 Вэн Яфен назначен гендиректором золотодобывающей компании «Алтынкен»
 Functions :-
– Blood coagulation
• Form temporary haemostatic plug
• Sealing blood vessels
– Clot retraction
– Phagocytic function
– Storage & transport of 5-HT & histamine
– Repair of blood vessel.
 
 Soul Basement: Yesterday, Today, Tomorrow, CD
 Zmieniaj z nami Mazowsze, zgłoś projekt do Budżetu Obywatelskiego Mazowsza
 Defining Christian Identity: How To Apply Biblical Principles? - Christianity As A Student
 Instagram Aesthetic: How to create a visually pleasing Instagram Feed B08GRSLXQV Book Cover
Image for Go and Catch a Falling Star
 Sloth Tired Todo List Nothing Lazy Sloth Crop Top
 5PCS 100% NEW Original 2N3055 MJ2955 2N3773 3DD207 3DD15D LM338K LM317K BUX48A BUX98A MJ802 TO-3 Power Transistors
__________________________________________________
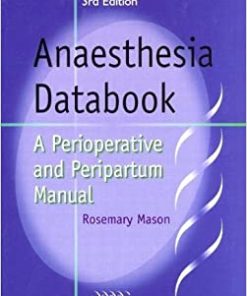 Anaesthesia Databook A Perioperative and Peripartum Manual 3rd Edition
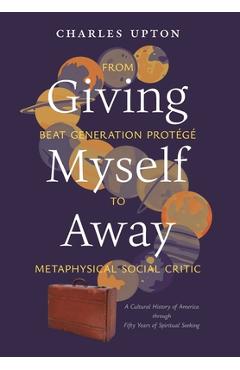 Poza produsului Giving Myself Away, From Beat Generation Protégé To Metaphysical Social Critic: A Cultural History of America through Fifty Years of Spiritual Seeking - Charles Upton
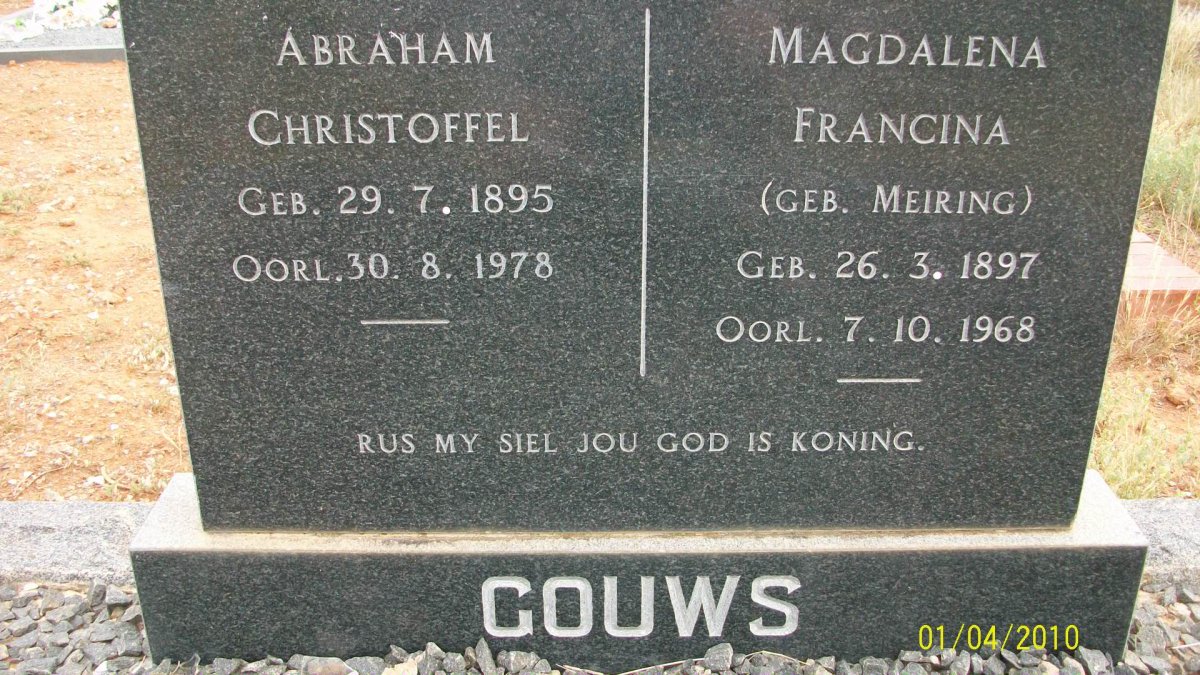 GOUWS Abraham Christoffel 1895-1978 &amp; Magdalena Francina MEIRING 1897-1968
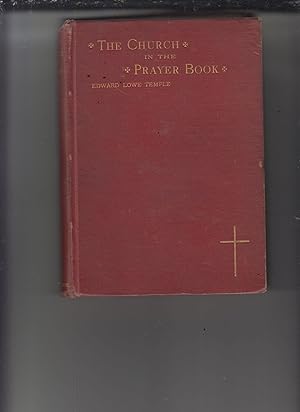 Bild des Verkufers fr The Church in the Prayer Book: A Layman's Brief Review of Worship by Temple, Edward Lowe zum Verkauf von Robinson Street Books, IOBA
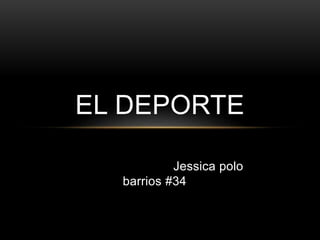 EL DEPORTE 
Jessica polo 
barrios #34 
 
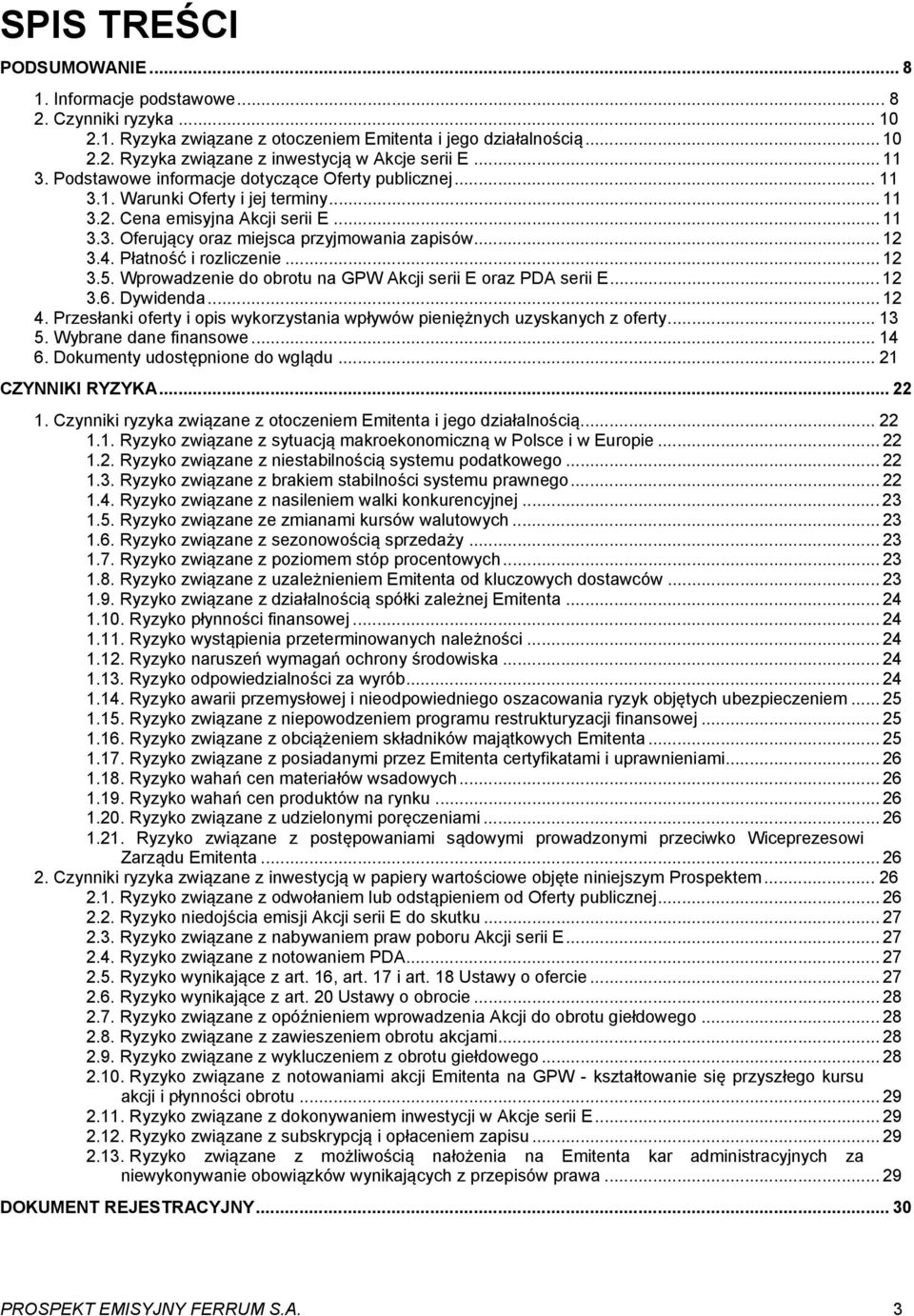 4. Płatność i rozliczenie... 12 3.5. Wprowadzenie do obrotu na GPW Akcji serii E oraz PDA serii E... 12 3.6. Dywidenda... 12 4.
__________________________________________________
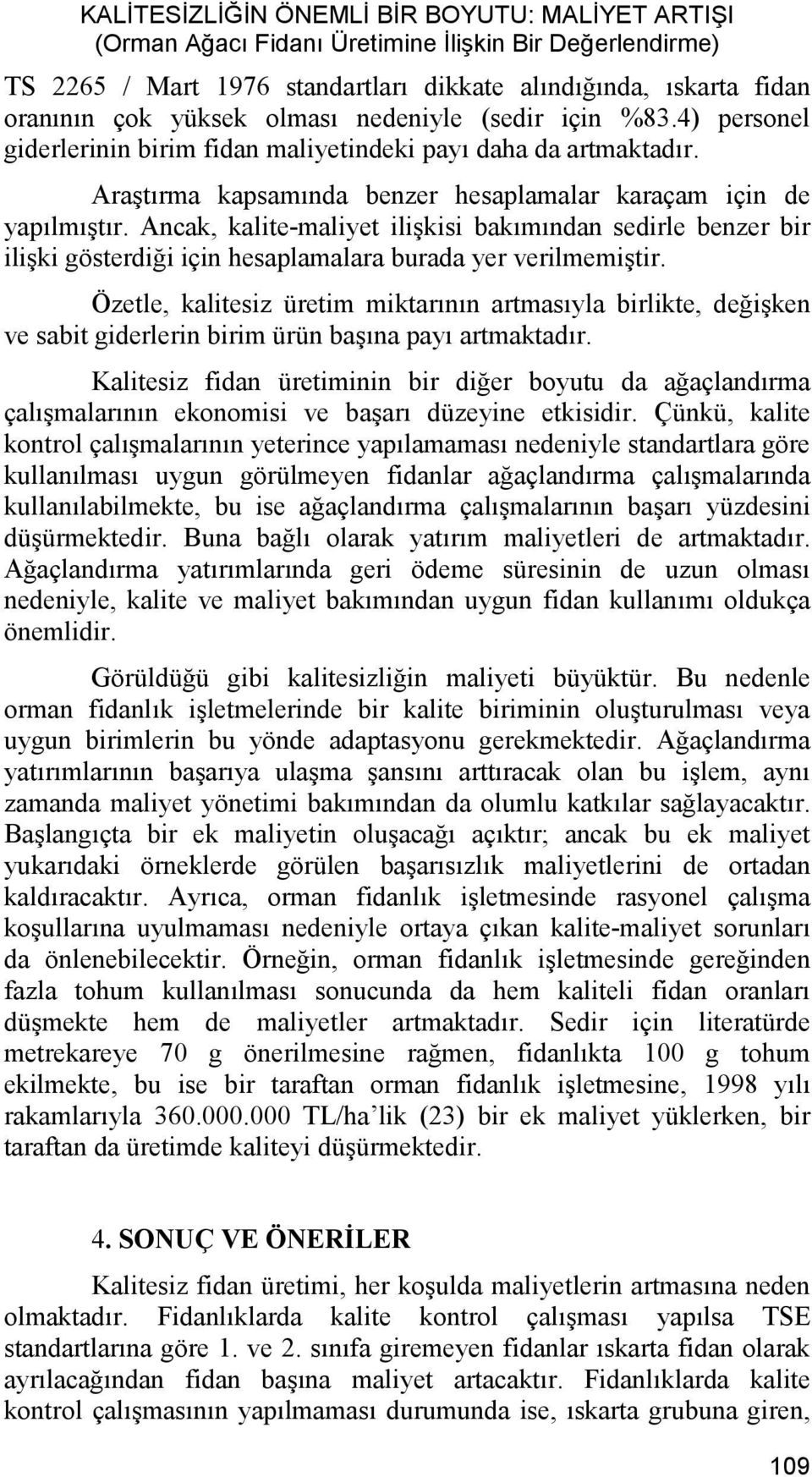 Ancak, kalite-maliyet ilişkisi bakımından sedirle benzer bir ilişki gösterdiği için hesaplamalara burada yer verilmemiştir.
__________________________________________________
Copy back exactly the lines above from the one containing "Poza produsului Giving" through the one containing "4. Płatność i", and leave every picture behind.

**Answer to this exercise:**
 Poza produsului Giving Myself Away, From Beat Generation Protégé To Metaphysical Social Critic: A Cultural History of America through Fifty Years of Spiritual Seeking - Charles Upton
 GOUWS Abraham Christoffel 1895-1978 &amp; Magdalena Francina MEIRING 1897-1968
 Bild des Verkufers fr The Church in the Prayer Book: A Layman's Brief Review of Worship by Temple, Edward Lowe zum Verkauf von Robinson Street Books, IOBA
 EL DEPORTE 
Jessica polo 
barrios #34 
 
 4. Płatność i rozliczenie... 12 3.5. Wprowadzenie do obrotu na GPW Akcji serii E oraz PDA serii E... 12 3.6. Dywidenda... 12 4.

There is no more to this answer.